THE INEXHAUSTIBLES
By MICHAEL PERKINS
“A ROSE IS A ROSE IS A ROSE“, wrote Gertrude Stein, asserting that a thing is merely itself, and nothing else. It’s a classic quote, but a sentiment which is belied by any kind of interpretative art. For the painter, the poet, the photographer, or the sculpturer, the physical limits of an object are merely the jumping-off point to one’s personal way of depicting or describing. Certainly, in one sense, a rose is “merely” a rose. However, in the hands of an artist, it is always, potentially, on its way to being everything else.
Photographers instinctively know that they are not mere recorders of “reality”, that, in their hands, subjects are exaggerated, emphasized, abstracted. We make images of roses, certainly, but also the rose-pluses, the rose-minuses, the rose absurd, the rose imagined. This ability to tailor the showing of things to our ever-evolving sense of their meaning to us allows us to approach even the most over-documented things with fresh eyes.

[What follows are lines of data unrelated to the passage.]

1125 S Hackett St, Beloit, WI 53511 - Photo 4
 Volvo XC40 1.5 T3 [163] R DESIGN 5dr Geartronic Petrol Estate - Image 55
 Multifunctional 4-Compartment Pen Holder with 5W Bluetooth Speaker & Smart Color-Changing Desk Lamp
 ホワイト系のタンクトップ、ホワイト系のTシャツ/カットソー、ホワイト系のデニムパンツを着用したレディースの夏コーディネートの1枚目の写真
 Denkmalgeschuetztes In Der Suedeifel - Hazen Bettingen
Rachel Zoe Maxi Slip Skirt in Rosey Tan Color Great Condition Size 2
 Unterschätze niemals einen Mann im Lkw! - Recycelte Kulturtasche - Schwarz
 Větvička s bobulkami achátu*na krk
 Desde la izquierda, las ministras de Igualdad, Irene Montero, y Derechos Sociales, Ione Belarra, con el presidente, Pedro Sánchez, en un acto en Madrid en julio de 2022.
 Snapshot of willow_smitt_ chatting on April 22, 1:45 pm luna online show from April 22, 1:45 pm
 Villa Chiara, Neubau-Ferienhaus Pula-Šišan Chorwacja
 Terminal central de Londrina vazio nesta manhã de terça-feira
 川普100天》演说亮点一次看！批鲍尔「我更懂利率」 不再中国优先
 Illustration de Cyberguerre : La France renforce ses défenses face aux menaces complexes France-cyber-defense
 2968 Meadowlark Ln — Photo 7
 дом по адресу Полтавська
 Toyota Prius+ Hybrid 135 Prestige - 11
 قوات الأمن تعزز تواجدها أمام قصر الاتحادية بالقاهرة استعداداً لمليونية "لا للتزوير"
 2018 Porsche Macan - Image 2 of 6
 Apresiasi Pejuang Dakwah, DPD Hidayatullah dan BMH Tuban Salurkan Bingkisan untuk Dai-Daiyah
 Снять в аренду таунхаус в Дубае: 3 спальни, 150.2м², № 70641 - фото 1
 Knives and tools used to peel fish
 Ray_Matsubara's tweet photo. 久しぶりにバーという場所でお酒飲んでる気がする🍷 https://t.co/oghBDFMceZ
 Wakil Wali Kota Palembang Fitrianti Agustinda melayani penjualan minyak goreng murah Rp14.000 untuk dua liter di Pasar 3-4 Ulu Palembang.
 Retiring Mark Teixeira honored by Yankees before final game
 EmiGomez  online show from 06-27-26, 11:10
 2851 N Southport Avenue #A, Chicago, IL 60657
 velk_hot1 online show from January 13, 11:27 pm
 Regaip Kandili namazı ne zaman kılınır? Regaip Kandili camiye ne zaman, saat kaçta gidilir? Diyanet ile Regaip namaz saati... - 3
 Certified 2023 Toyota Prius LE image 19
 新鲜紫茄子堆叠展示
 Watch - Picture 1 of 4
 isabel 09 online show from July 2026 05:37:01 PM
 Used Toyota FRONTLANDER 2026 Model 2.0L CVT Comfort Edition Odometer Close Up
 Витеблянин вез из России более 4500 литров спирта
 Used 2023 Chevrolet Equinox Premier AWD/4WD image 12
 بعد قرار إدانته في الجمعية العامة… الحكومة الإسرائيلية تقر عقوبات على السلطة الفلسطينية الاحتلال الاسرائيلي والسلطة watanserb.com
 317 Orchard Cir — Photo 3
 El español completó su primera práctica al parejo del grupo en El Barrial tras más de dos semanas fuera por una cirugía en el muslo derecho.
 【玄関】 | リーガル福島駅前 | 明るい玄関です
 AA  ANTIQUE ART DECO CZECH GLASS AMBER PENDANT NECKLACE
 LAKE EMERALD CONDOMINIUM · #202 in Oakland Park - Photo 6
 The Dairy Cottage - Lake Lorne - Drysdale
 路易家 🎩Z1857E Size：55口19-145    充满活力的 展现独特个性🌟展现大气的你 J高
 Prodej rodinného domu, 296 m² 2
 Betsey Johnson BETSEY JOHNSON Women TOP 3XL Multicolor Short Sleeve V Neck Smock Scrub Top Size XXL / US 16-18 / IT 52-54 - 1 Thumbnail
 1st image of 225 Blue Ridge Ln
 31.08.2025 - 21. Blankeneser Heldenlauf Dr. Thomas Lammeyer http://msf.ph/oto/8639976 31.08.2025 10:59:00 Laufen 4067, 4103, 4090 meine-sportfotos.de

It may be that nearly everyone with a camera who’s walked the streets of Paris has, somewhere in their portfolio, a shot of the Eiffel tower. In some ways, the challenge of trying to say anything new about what we might consider an “exhausted” subject is irresistible: we sort of dare ourselves to do a fresh take on it. The thing is, our depiction of these celebrated places, once we have trained our eyes, is actually unbound, or inexhaustible. It is only how well we have developed the muscles of our imagination that determines how many gazillions of personal Eiffels can exist.
The image here of a small selected vista from within the sixteen-story layout (2500 steps, 154 flights of stairs, 80 separate landings) of New York City’s Vessel shows, if nothing else, that there can never truly be a “typical” view of the structure. The visual story changes every few feet or so, depending on where you are standing, and even multiple frames taken from the same vantage point just minutes apart from each other will yield vastly different results, since light, color and the arrangement of visitors is not static. This is great news for anyone who might doubt that they could make a personal picture of something so overwhelmingly public or famous. My point is that you can’t not produce something personal of it, because, for photographic purposes, not only this object, but nearly everything, is inexhaustible.
It’s not that the many millions of images taken of a famous place over time may not seem remarkably consistent, in that they almost replicate each other. It’s that such a result is not predestined, any more than any other photograph we attempt is. Change something in the eye of the beholder, and you may discover that even the eternal rose is, well, something other than a rose. Sometimes.